Sunday, January 22, 2012

Prompts for Thursday, January 26th

Prompt 1:  Clearly quoting or citing a location in Marcuse's text (just citing the chapter number, or prologue, is fine for Marcuse, since we all have access to the electronic text), identify an idea or concept, used by Marcuse, which you believe can and should be used to better understand some aspect of Do Androids Dream of Electric Sheep.  Then, do exactly that:  show how and why that concept from Marcuse can be used to understand the novel.  Be sure to show and understanding of, and cite material from, both texts.

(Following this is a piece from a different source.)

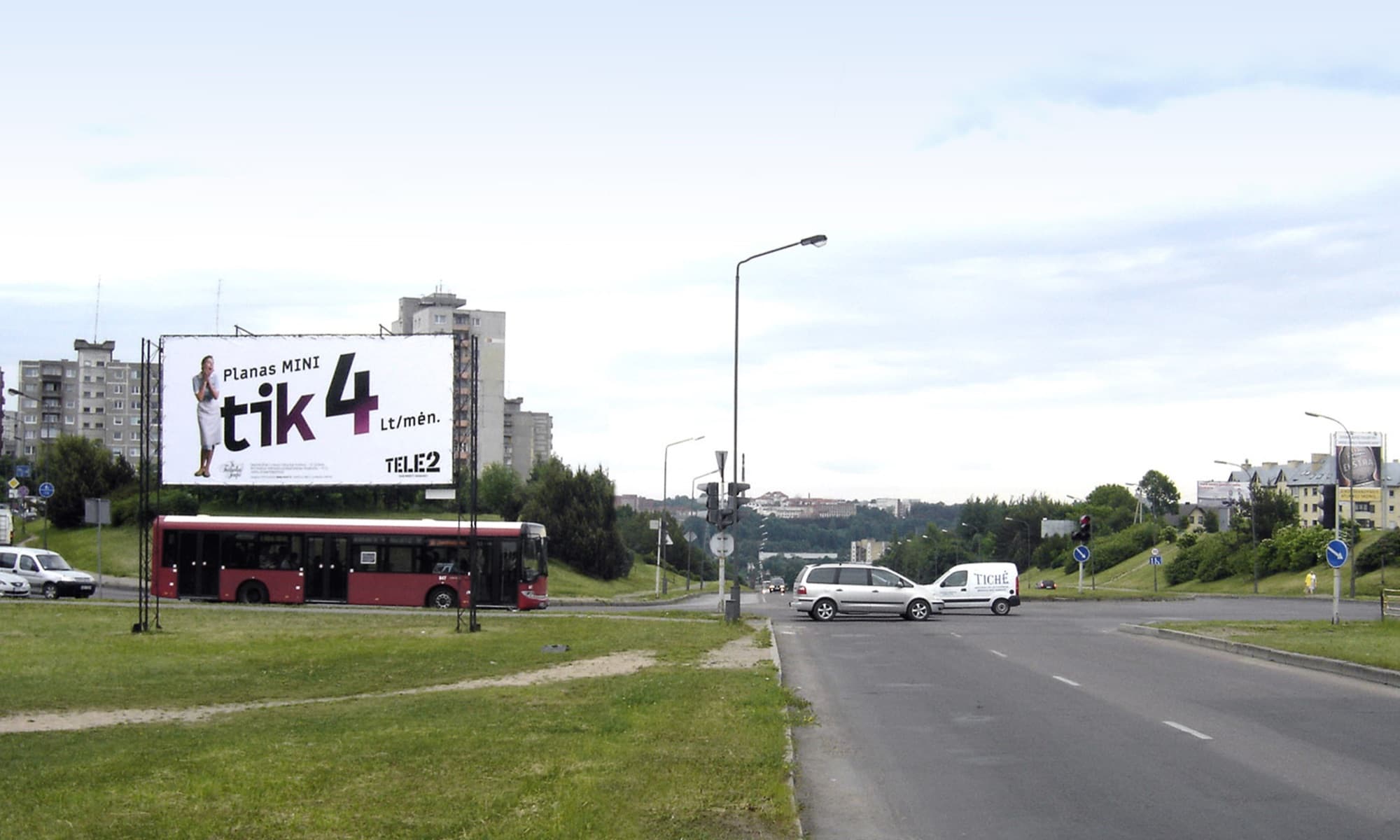 Reklaamitahvel Baltų pr. ja Rasytės g. ristmikul, Kaunas (A-pool) — Reklamos stendas Kaunas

Prompt 2 (Research):  Using academic sources only, probably from Pitt's library (that is, an actual book, or an article from a peer-reviewed journal), present research relating to Marcuse that you think would help the class, and that is at least moving towar and argument.  To put it another way:  it's fine to spend most of your space simply presenting one or several interesting sources, but you need to also, at the very least, show us the beginning of an argument, or to pose a question or series of questions which would lead to an argument.  A 75%/25% division between research and argument would be fine, although I'd be skeptical of a 90%/10% division.

Your sources should be obviously serious and substantive - at least 20 pages of academic writing, and probably more.  If you're using a book, you shouldn't necessarily read the whole thing, but read at least the introduction, and whatever material deals with a topic of interest to you.

Example topics:  how was Marcuse's work received and used when it was published?  How did Marcuse use, and react against, Heidegger?  How can/should we understand Marcuse using either the history of philosophy, or the history of technology?  What was the role of Marcuse's thought in American politics of the 1960s?  Etc.

Recommended book:  The Catastrophe and Redemption of History, which relates Heidegger and Marcuse, and is even available as kindle book, if you're too lazy to go to the library.